The checksum is a value calculated from the data page bytes. Equal data pages have equal checksums. To make the checksum recorded into each page of the backup file the “WITH CHECKSUM” option needs to be added to “BACKUP DATABASE” command.

Using a CHECKSUM option makes database backup process longer, but if the database is really large it is better to use CHECKSUM option and be confident that all pages are written to the disk and ready for the restore process. To check the checksum value use the following SQL Server option:

VERIFYONLY

The VERIFYONLY  option does not restore the backup, it only verifies it. The VERIFYONLY performs several checks, such as:

  • Checksum
  • Availability of free space in destination place
  • Some header fields of database pages
  • Readable state of all volumes and the state of backup set

It is recommended to check the backup file before the restore process with the help of  VERIFYONLY option.
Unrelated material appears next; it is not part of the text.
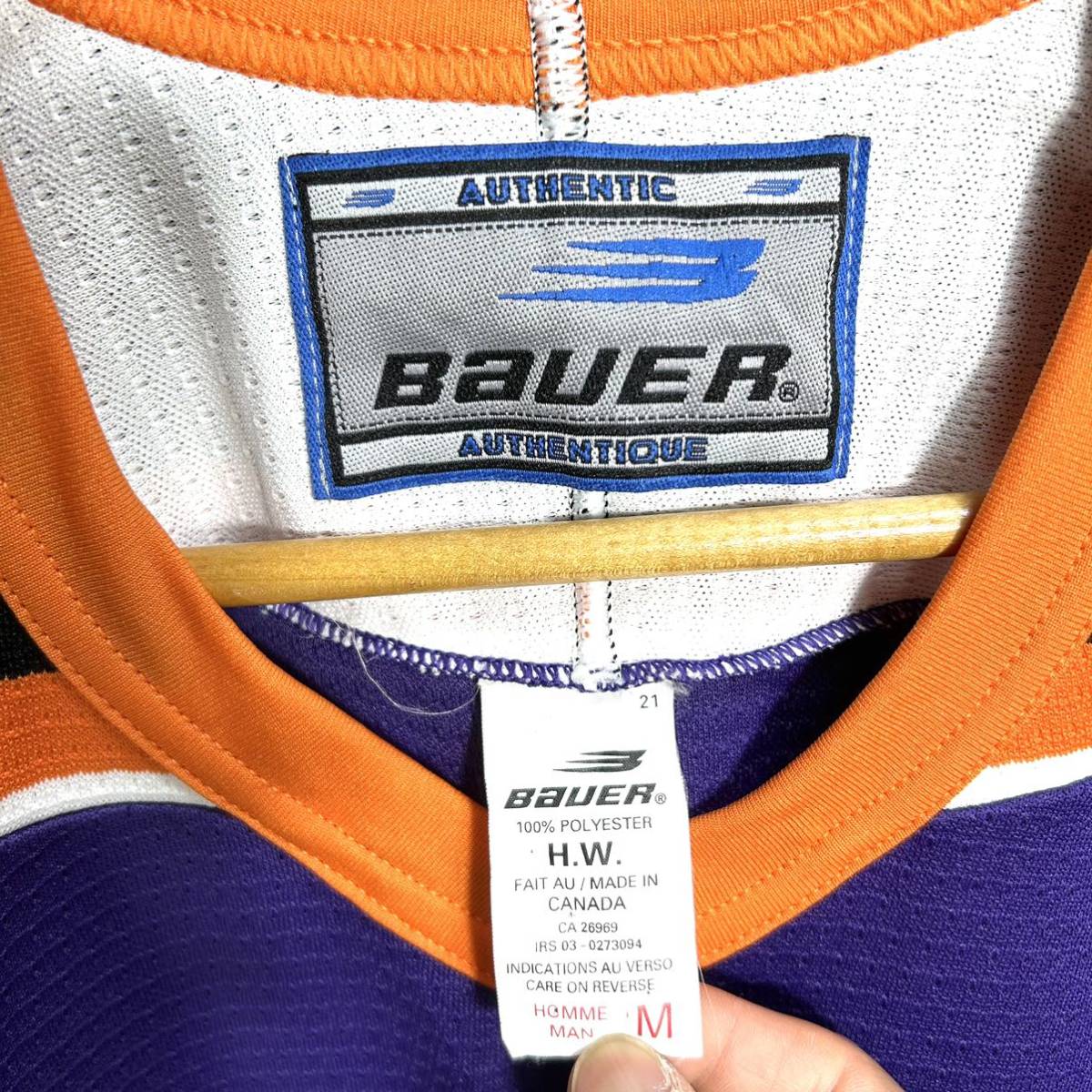 ■ BAUER AHL Lehigh Valley Phantoms ファントムズ アイスホッケー ユニフォーム ホッケーシャツ サイズM 紫 パープル 古着 ストリート ■_画像9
If the file in proper state the SQLServer will display the following message:

The backup set on file 1 is valid.

If even a single byte is damaged the SQLServer will report the following:

Msg 3241, Level 16, State 0, Line 5
The media family on device 'd:/checksum.bak' is incorrectly formed. SQL Server cannot processthis media family.
Msg 3013, Level 16, State 1, Line 5
VERIFY DATABASE is terminating abnormally.
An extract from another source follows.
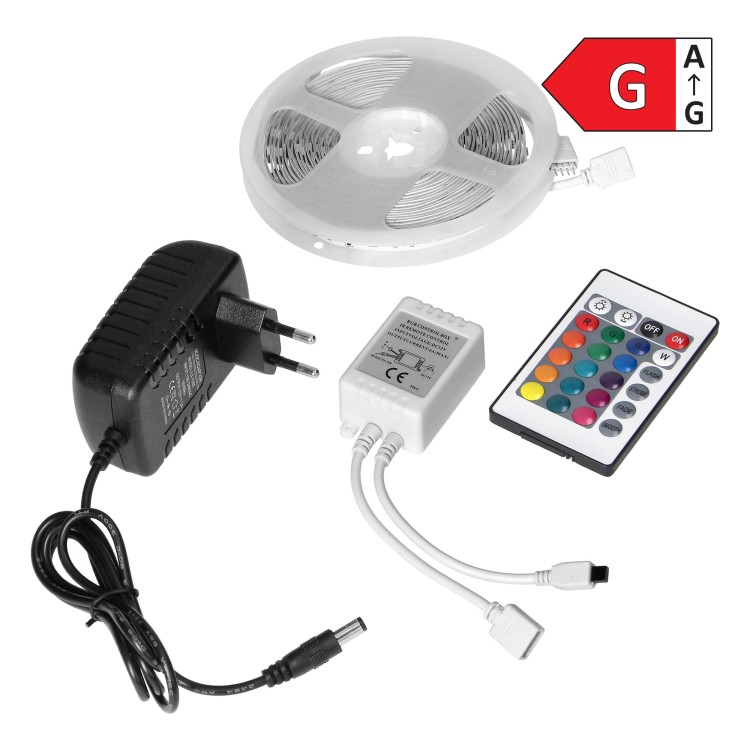 Zestaw taśma LED 12V 5050 100 30L 7.2W/m IP20 RGB 5m +Sterownik RGB +Zasilacz 12V LD-8/5M/RGB/SET Virone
How to Use CHECKSUM And VERIFYONLY Options

Here are some ways of how to add CHECKSUM to the database backups and how to check them with the help of VERIFYONLY option:

T-SQL

Use T-SQL Command to work with CHECKSUM and VERIFYONLY options:

To make database backup simply add “WITH CHECKSUM” clause:

BACKUP DATABASE your_database TO DISK = 'backup_with_checksum.bak' WITH CHECKSUM

To check the database with VERIFYONLY option use the following syntax:

RESTORE VERIFYONLY FROM DISK = 'backup_with_checksum.bak'

SQL Server Management Studio

Another way of using CHECKSUM and VERIFYONLY options is to apply them in SQL Server Management Studio (SSMS):

For that you need to right click on the database you want to backup, select “Tasks”, then “Back up…”. In the window that opened select “Media Options” page and check “Verify backup when finished” and “Perform checksum before writing to media”. Look at the picture below:Checksum

SqlBackupAndFtp

If you prefer third-party utilities you can also use SqlBackupAndFtp to set up CHECKSUM and VERIFYONLY options:

Just scroll down to the “Backup options” section and check off “Enable CheckSum” and “Verify After Backup” options.

 

Backup chain

A backup chain is a specific sequence in which all database backups should be restored. If backup chain is broken, the restore process will be not possible and some data will be lost. Let us consider the following example with all three backup types to understand the backup chain better.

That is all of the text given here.